Reproduction of part of the material below, pictures omitted: copy exactly, and only, the lines starting with the one with "Shntig Artistic Metal" and going on through the one with "Cookology CIH602 60cm 4 Zone Induction Hob".

━━ INPUT FOR THIS TASK ━━

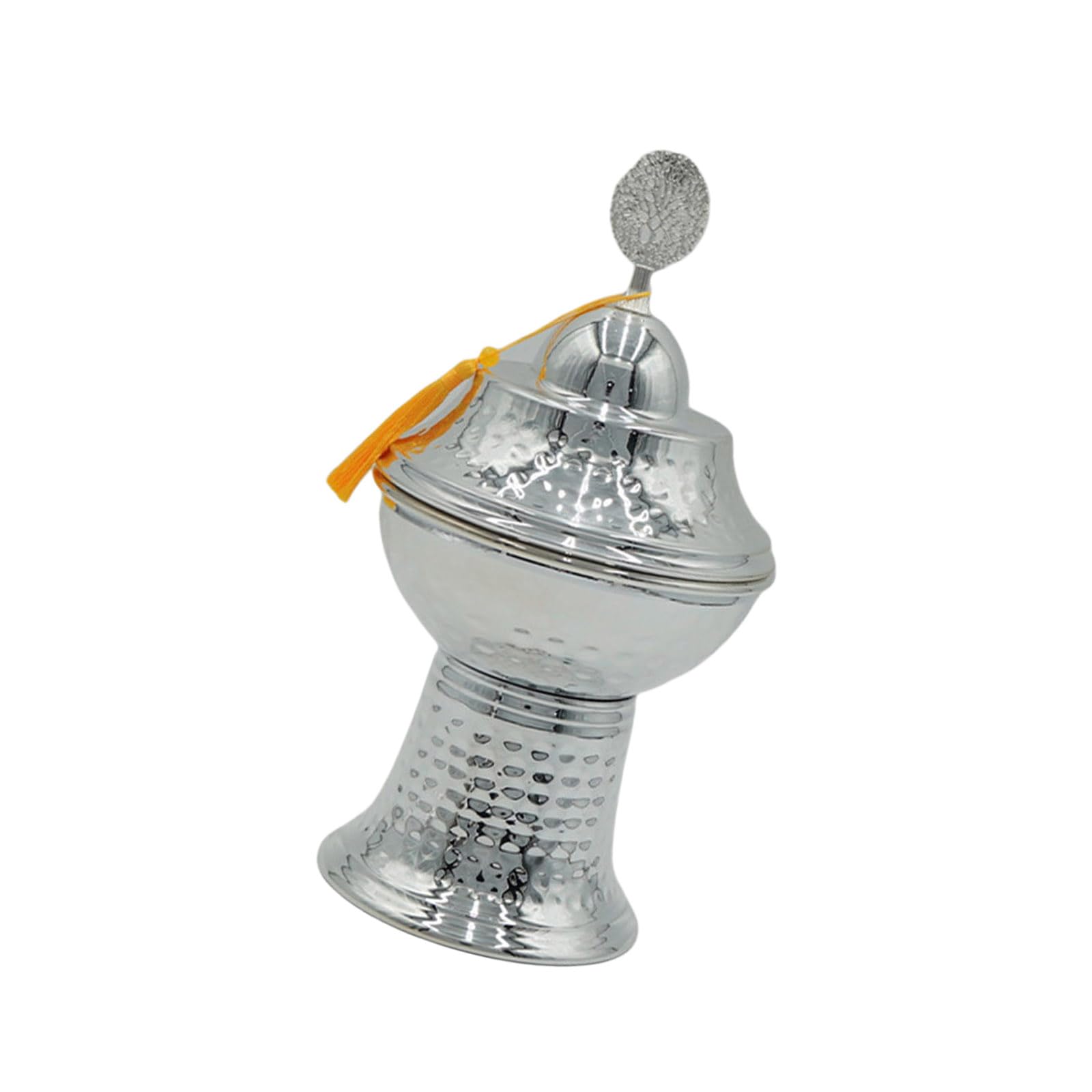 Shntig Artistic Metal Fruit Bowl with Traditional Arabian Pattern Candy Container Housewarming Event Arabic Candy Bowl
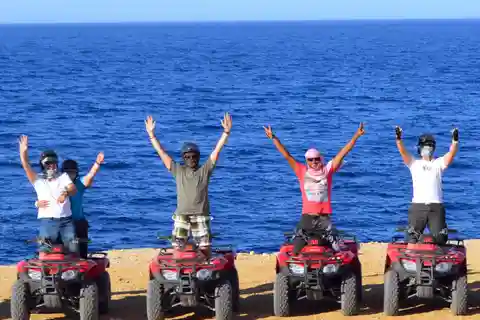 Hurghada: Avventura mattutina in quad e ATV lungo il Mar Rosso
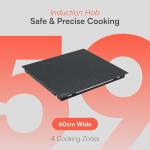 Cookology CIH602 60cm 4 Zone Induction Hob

━━━
━━ INPUT FOR THIS TASK ━━

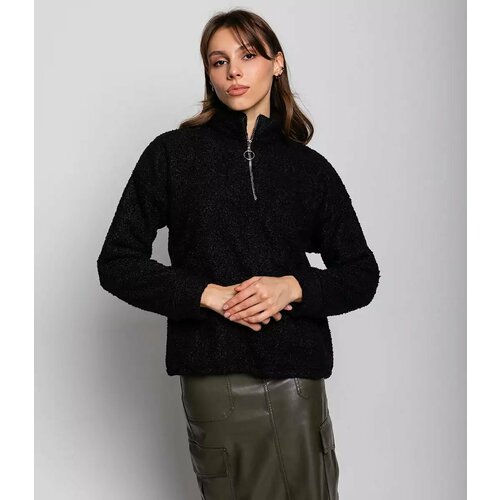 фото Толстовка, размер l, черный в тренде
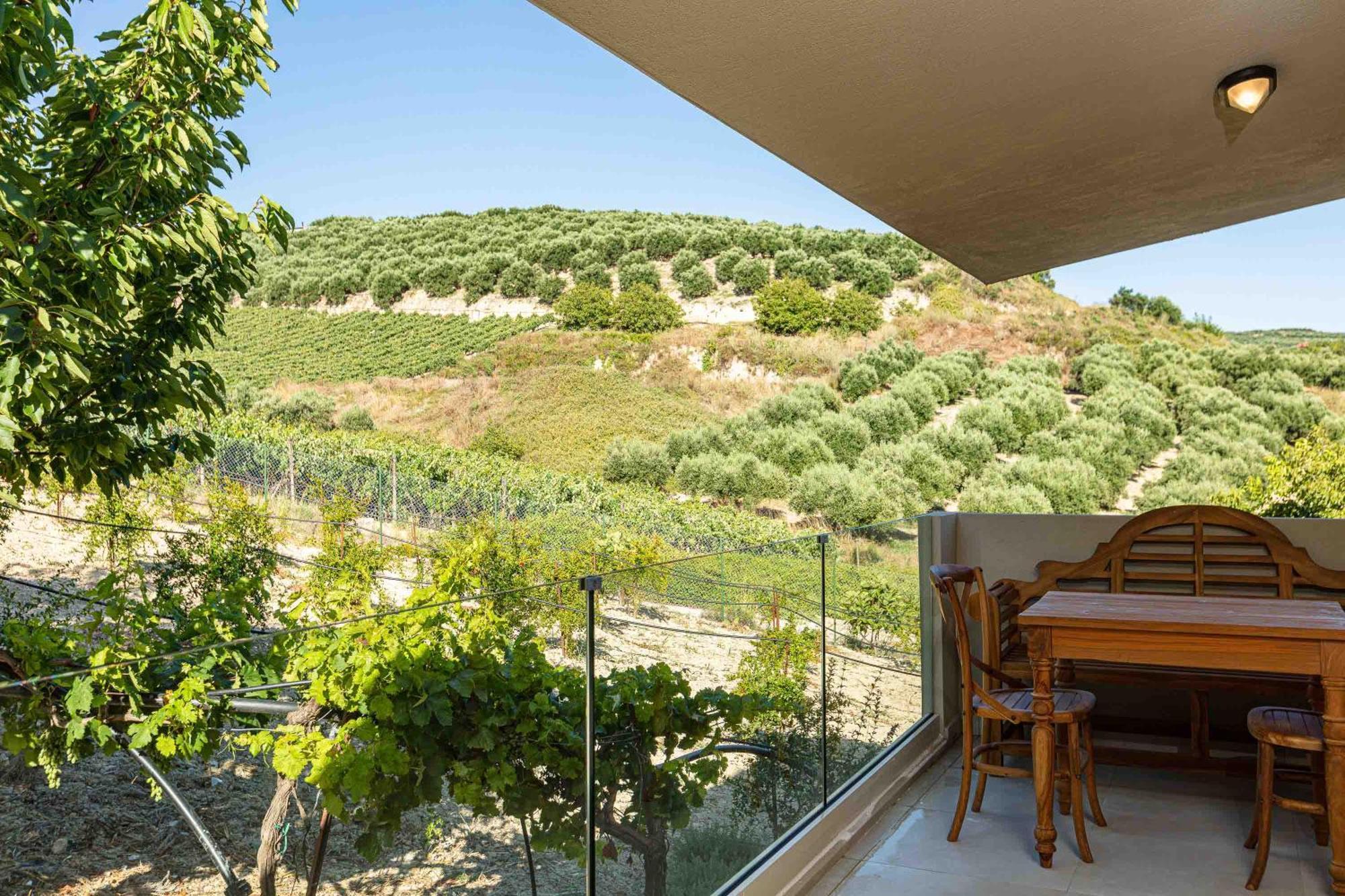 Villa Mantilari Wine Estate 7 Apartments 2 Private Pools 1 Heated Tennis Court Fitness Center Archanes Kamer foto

━━━
━━ INPUT FOR THIS TASK ━━

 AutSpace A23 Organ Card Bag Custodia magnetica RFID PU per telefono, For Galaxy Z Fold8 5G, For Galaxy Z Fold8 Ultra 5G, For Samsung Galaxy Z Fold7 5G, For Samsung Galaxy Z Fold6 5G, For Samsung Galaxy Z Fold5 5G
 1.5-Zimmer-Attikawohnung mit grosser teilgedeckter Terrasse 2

━━━

● OUTPUT FOR THIS EXERCISE:
 Shntig Artistic Metal Fruit Bowl with Traditional Arabian Pattern Candy Container Housewarming Event Arabic Candy Bowl
 Hurghada: Avventura mattutina in quad e ATV lungo il Mar Rosso
 Cookology CIH602 60cm 4 Zone Induction Hob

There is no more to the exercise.